Is consciousness the electrical expression of physical, organic brain structure? Probably. I spent part of the morning Googling and surfing. There was a video about consciousness and birds. Vittorio, Brother Blunderbuss himself, sent a text and suggested we go catch a screening of John Sturges’s brilliant ‘50s Technicolor pressure-cooker Bad Day at Black Rock at the little repertory cinema on Rue Christine on account of he’s leaving for Johannesburg early in the A.M. Having sat dutifully until the maroon curtains closed, we retired to a minuscule tiki bar with Polynesian music that Vittorio said he likes and where extremely attractive young women from the Sorbonne apprised us with open contempt. I always look at them hard and cold like I’m Shylock here to turn in my pound of flesh. My wife told me she’s expecting a baby, confessed Vittorio. And I asked her: at what time is this baby expected to land? I was drinking a strange teal cocktail with orange peels floating in it, thinking that today was finally the day Gilles de Rais and the Latinate Primitives all finally shit the bed in revolting anticlimax.
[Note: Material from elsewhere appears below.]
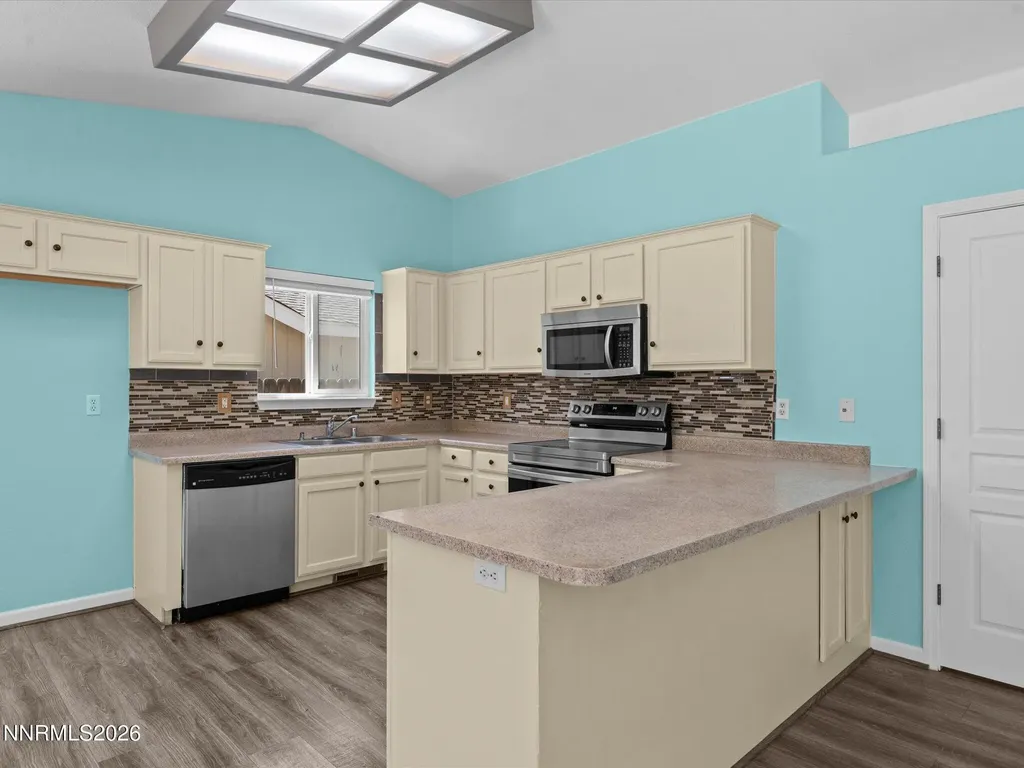 158 Rosecrest Fernley NV 89408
"Give me your hand," entreats Clarice Lispector, or at least her looming and fastidious narrator G. H., addressing a reader who is no doubt lazy and bored, hurt ‘cause ignored. This morning I got up quite early, walked in the direction of Montmartre, and found myself at Sacré-Cœur before there were any more than three or four tourists milling about up there. It was foggy and slightly chilly but I wore my windbreaker. Sacré-Cœur was built as a supposed beacon on a hill in what was essentially a working class red light district immediately following France’s profound demoralization in the aftermath of the Franco-Prussian War and the brutally suppressed Paris Commune. Somewhere between 10,000 and 30,000 were executed in the streets beneath that church during the suppression of the 1871 Commune. Sacré-Cœur is a paternalistic building. It was not meant to mourn or honour the dead. It was intended as a vehicle with which to restore decorum and good order to working class streets. And yet we splay ourselves out in the gutter—arms akimbo—like Oscar Wilde whether you Siamese please or Siamese don’t please. All I’m after is Clarice Lispector’s “opaque piece of thing.” Pardon me if I’m hunched over outside Sacré-Cœur like a tall pigeon with harsh angles and techno-semiotic backdrop. There’s some Scandinavian jazz luminaries playing at the the jazz bar from Rivette’s Haut bas fragile tonight. I’m going to see if Solange wants to go check that out.